Donald Trump (left) and incumbent Joe Biden are the oldest presidential candidates to seek office.

Donald Trump (left) and incumbent Joe Biden are the oldest presidential candidates to seek office. Photo: AAP

Donald Trump is 78 on June 14 – a milestone that reminds voters that the two major-party candidates running for US president in 2024 are the oldest ever to seek the office.

Age and mental sharpness have been centre of the contest between the Republican Trump and his Democratic rival, President Joe Biden, often getting more attention than substantive policy issues in the run-up to the November 5 election.

Public opinion polls show Americans are more worried about the advanced age of Biden, who is 81.

But at 78, Trump is just three and a half years younger, and he would be the oldest person ever to be inaugurated if he won a second term.

Trump is scheduled to speak on Friday at a birthday party organised for him in West Palm Beach, Florida, by a group of die-hard supporters.

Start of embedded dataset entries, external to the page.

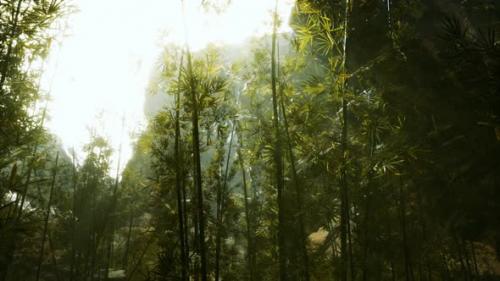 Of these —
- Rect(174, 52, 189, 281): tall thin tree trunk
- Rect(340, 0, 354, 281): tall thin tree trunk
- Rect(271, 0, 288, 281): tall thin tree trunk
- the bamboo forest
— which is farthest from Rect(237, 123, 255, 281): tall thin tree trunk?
Rect(340, 0, 354, 281): tall thin tree trunk

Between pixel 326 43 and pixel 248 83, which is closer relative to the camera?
pixel 326 43

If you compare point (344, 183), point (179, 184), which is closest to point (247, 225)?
point (179, 184)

On the campaign trail, Trump has not explicitly made an issue of Biden’s age but has sought to capitalise on his opponent’s every verbal mistake – as well as Biden’s slowing gait – to cast him as unfit for the Oval Office.

Biden has responded to questions about his age by telling voters to focus on his accomplishments in office as evidence of his acuity and strength.

He has also described Trump as a threat to democracy and criticised his sometimes rambling speeches, as well as Trump’s use of inflammatory rhetoric against immigrants.

Still, even some Democrats have expressed concerns about Biden’s ability to complete another term, which would take him to age 86.

In a Reuters/Ipsos poll in February, some 78 per cent of respondents – including 71 per cent of Democrats – said Biden, already the oldest president, was too old to work in government.

Some 53 per cent of respondents said Trump, who was president from 2017-2021, was too old for government work.

“It’s not about age, it’s about mental competence,” said Trump campaign spokeswoman Karoline Leavitt, arguing that voters can see the contrast between Biden and Trump, whom she described as “sharp as a tack with elite stamina”.

The Biden campaign did not respond to a request for comment.

Presidential historian Timothy Naftali said Trump projects energy in public appearances, making him appear to be more vital physically, but that does not mean he is sharper mentally.

“It’s not clear listening to the two men who’s in better command of his faculties,” Naftali said.

Allan Lichtman, a history professor at American University and well-known presidential prognosticator, said Trump had made gaffes and spread false information to an extent that should be raising more questions about his mental fitness.

“People somehow focus on the mistakes Biden has made while totally ignoring the way in which Trump seems to be entirely unhinged from reality,” he said.

Trump and Biden are neck-and-neck in national opinion polls, with Trump ahead in several of the battleground states that could decide November’s contest.

It is unclear just how much age will be a factor in the outcome.

Among issues that voters will be weighing is the strength of the economy, which overall is performing well but is beset by inflation, as well as immigration and abortion rights.

Voters also have Trump’s legal troubles to consider.

In May, a New York jury found him guilty of falsifying business records to cover up a payment to a porn star on the eve of the 2016 election.

He faces three additional criminal cases, although none are likely to go to trial before the election.

The first televised debate on June 27 will be an important test for both Biden and Trump, with voters looking for verbal slip-ups as a possible indicator that they might not be up to the task of leading the country.